■ DIRECTIONS FOR THIS TASK: Carry over every entry exactly as written, though not the pictures it contains.

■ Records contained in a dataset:
***

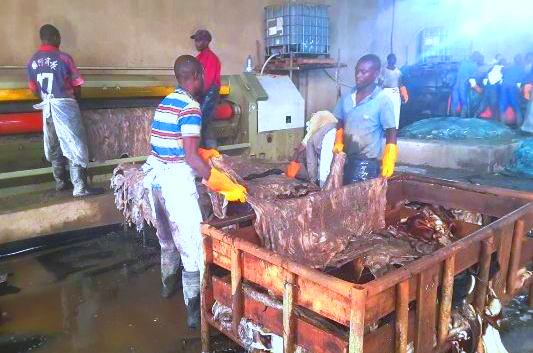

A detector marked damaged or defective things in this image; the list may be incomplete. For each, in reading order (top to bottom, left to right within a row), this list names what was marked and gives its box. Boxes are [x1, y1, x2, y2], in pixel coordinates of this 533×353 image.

rusty metal container [200, 174, 532, 352]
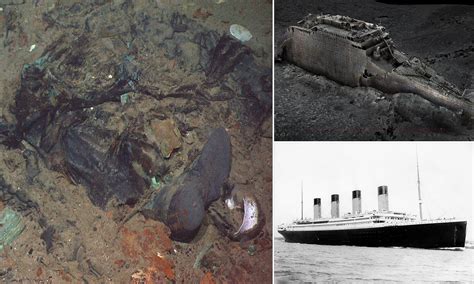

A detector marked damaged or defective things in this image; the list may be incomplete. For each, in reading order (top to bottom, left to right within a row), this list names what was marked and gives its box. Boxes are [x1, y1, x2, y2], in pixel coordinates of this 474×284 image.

rusted metal fragment [280, 14, 472, 116]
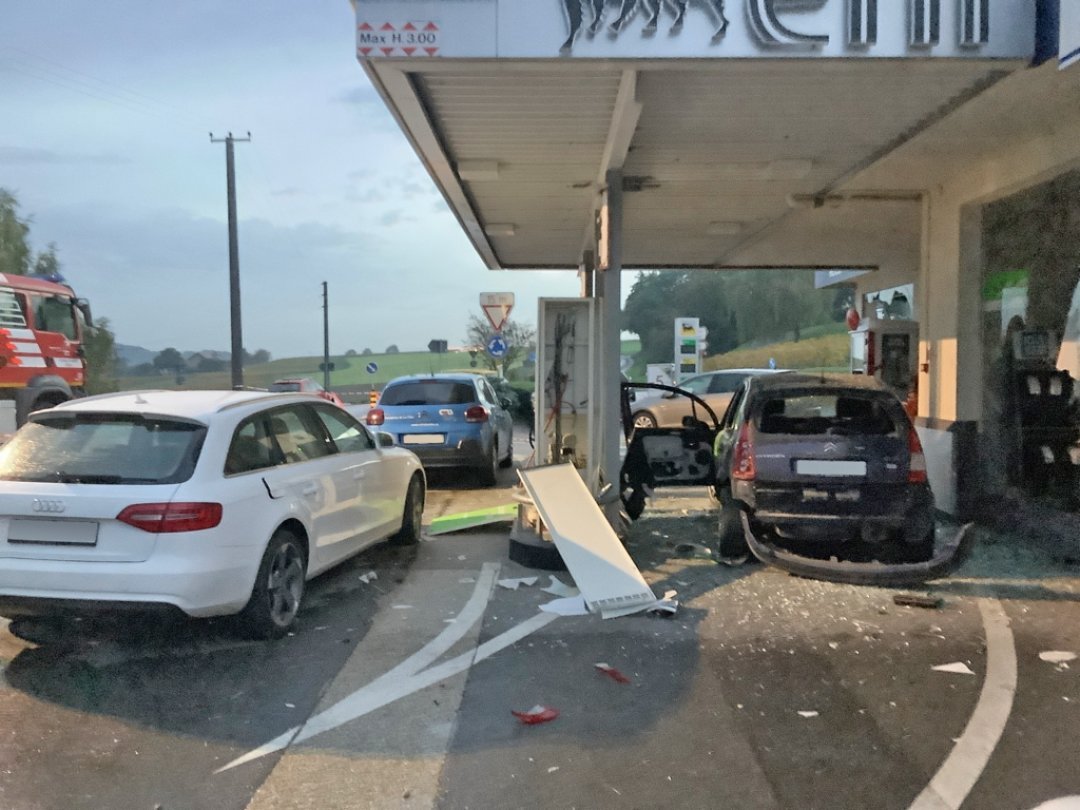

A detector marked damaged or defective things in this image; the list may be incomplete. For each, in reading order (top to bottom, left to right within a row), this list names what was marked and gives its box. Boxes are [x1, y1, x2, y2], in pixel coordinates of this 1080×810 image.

white broken panel [516, 466, 652, 617]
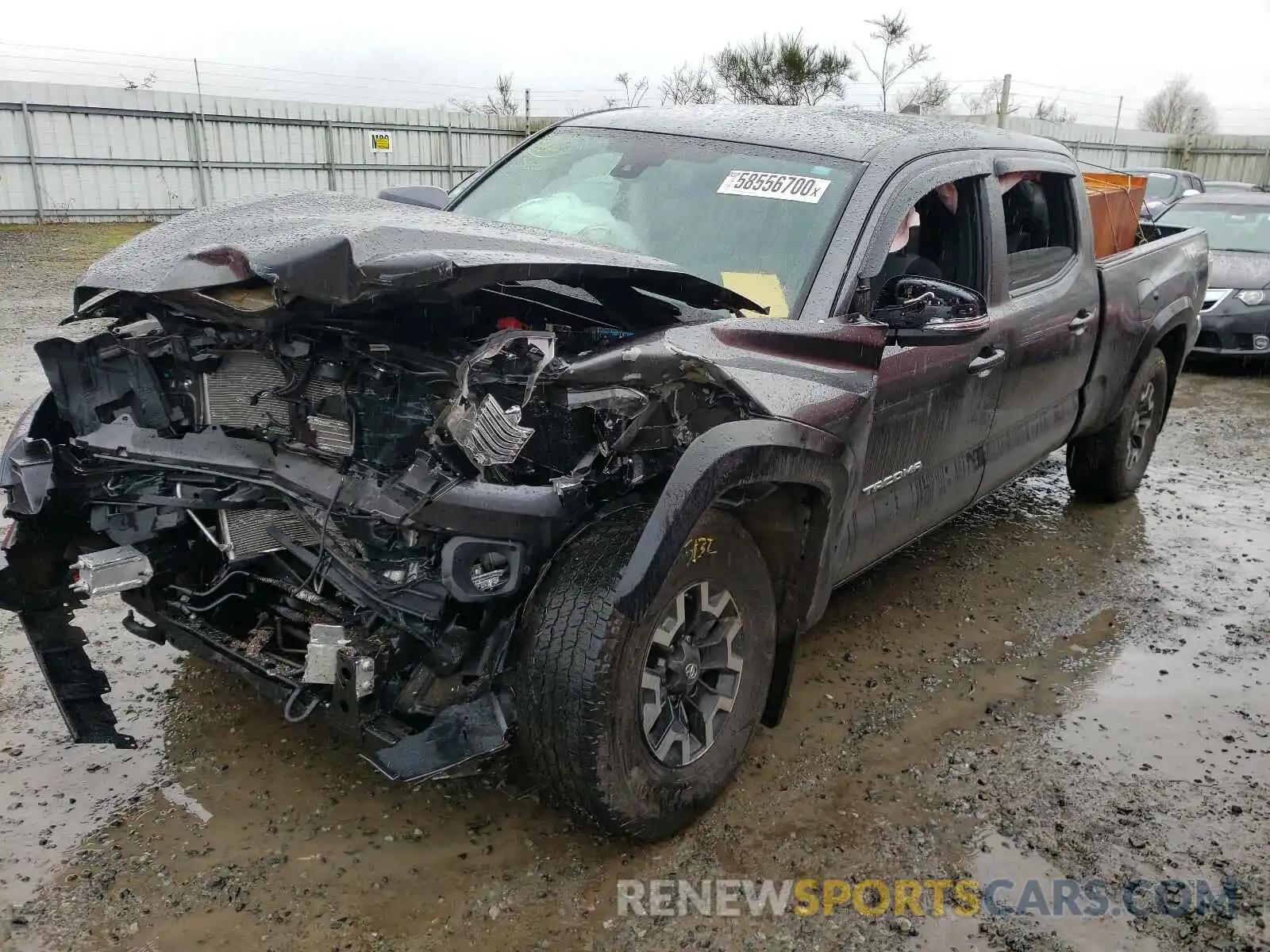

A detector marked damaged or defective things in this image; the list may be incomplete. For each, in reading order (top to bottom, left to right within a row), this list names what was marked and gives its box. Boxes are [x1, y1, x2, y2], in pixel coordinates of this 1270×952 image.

crushed front end [0, 191, 759, 781]
crumpled hood [75, 190, 759, 313]
damaged toyota tacoma [0, 108, 1213, 838]
crumpled hood [1200, 248, 1270, 289]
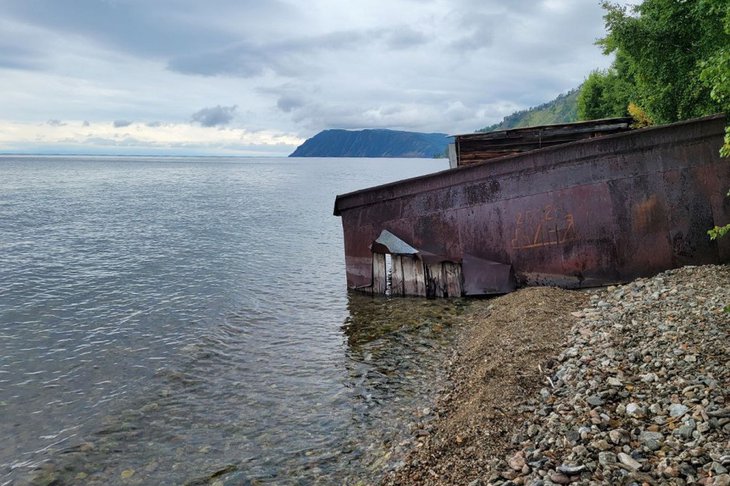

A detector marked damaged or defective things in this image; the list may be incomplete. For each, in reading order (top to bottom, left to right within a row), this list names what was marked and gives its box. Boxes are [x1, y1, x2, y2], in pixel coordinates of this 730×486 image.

corroded metal wall [334, 116, 728, 294]
rusty metal barge [334, 115, 728, 296]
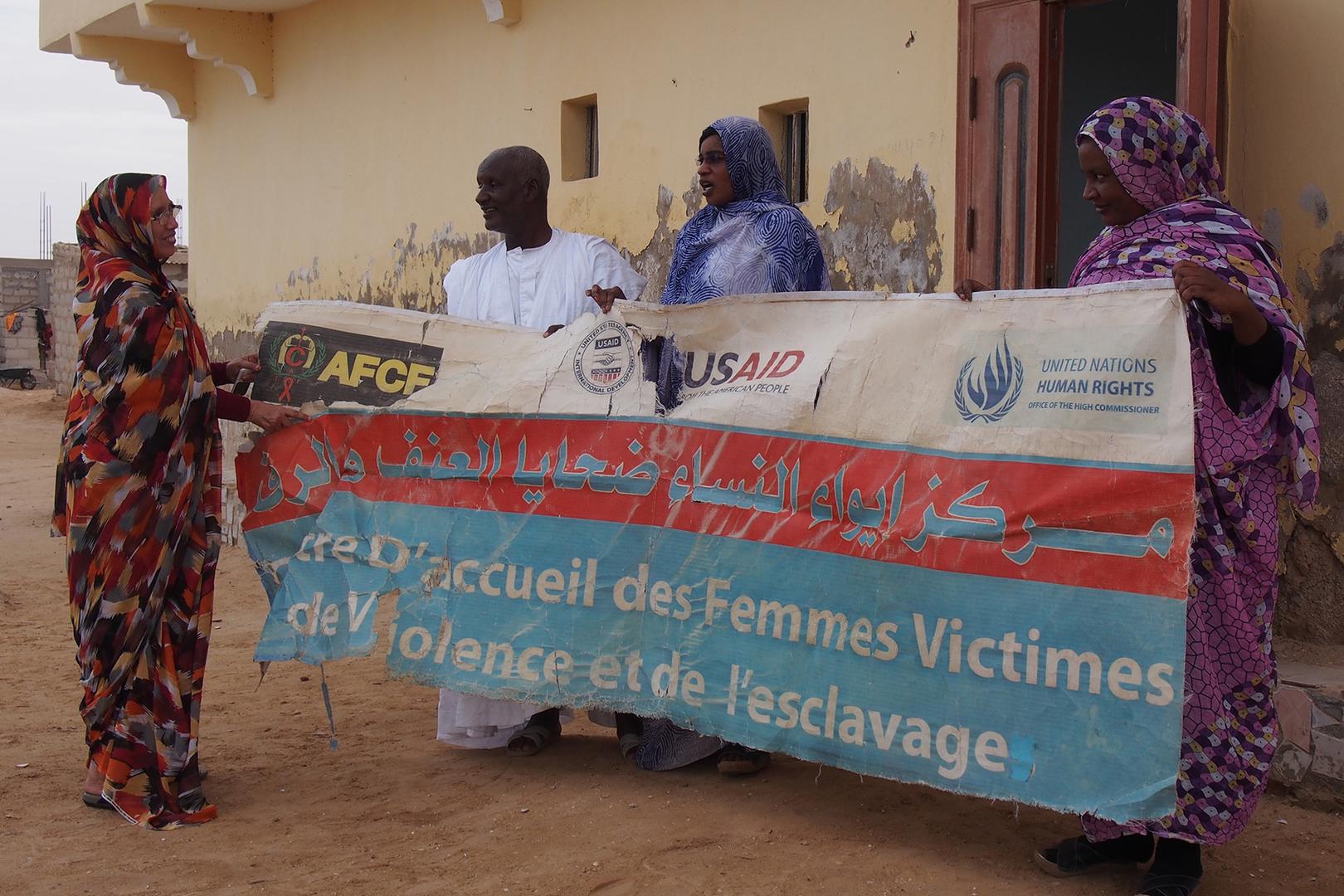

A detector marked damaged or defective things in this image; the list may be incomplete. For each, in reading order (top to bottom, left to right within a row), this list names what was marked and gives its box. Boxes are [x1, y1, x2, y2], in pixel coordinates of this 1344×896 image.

peeling paint [813, 157, 936, 290]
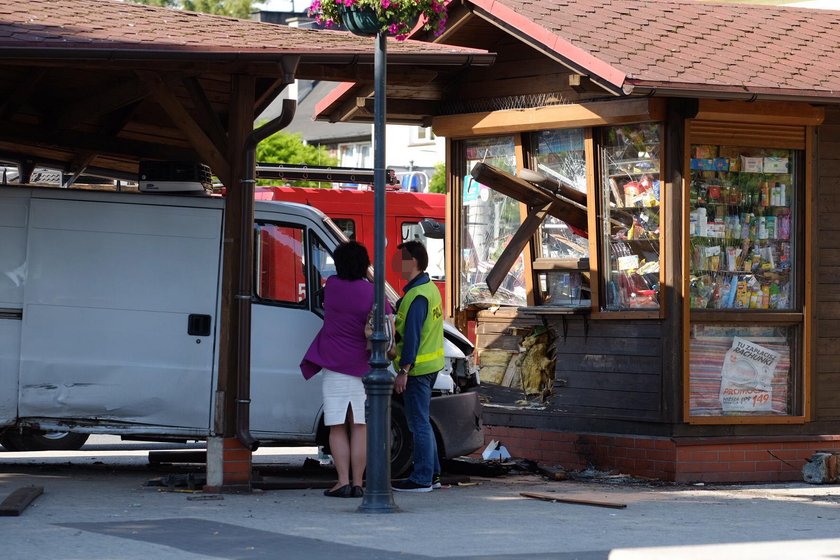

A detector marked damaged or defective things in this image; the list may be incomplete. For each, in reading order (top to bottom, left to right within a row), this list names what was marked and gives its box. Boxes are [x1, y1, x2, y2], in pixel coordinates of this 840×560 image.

broken wooden plank [0, 486, 43, 516]
broken timber on ground [0, 486, 43, 516]
broken wooden plank [520, 492, 628, 510]
broken timber on ground [520, 492, 628, 510]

***

■ ANSWER BOX:
A detector marked damaged or defective things in this image; the list may be incomplete. For each, in reading order (top to bottom, left to right within a row), this list names what was marked and gives its box. Boxes are [x1, y1, x2, y2], in pixel coordinates of this 533×353 image.

rusty metal container [200, 174, 532, 352]

A detector marked damaged or defective things in this image; the list may be incomplete. For each, in reading order (top to bottom, left to right within a row), this list names what was marked and gives its box. Boxes are [x1, y1, x2, y2], in pixel coordinates of this 474×284 image.

rusted metal fragment [280, 14, 472, 116]

A detector marked damaged or defective things in this image; the list may be incomplete. For each, in reading order (top to bottom, left to right within a row), this list names what was marked and gives its box. Boxes are [x1, y1, x2, y2], in pixel coordinates of this 1080×810 image.

white broken panel [516, 466, 652, 617]

A detector marked damaged or defective things in this image; the list may be incomplete. For each, in reading order (top to bottom, left to right within a row), this list names what was marked and gives its box. Boxes are [x1, y1, x2, y2], in pixel coordinates of this 1270×952 image.

crushed front end [0, 191, 759, 781]
crumpled hood [75, 190, 759, 313]
damaged toyota tacoma [0, 108, 1213, 838]
crumpled hood [1200, 248, 1270, 289]

A detector marked damaged or defective things in this image; the list may be incomplete. For each, in reading order (top to bottom, left to right within a row), this list names what was marked and gives its box. Boxes are [x1, y1, x2, y2], in pixel coordinates of this 730×486 image.

corroded metal wall [334, 116, 728, 294]
rusty metal barge [334, 115, 728, 296]

A detector marked damaged or defective things in this image; the list may be incomplete. For each, in reading order (top to bottom, left to right within a row), this list names what was marked and gives its box. Boxes are [x1, y1, x2, y2], in pixel coordinates of this 1344×896 image.

peeling paint [813, 157, 936, 290]

A detector marked damaged or defective things in this image; the list may be incomplete. For each, in reading order (top to bottom, left to right within a row), this list names what was marked and gives its box. Boxes are [x1, y1, x2, y2], in pixel coordinates of this 840×560 image.

broken wooden plank [0, 486, 43, 516]
broken timber on ground [0, 486, 43, 516]
broken wooden plank [520, 492, 628, 510]
broken timber on ground [520, 492, 628, 510]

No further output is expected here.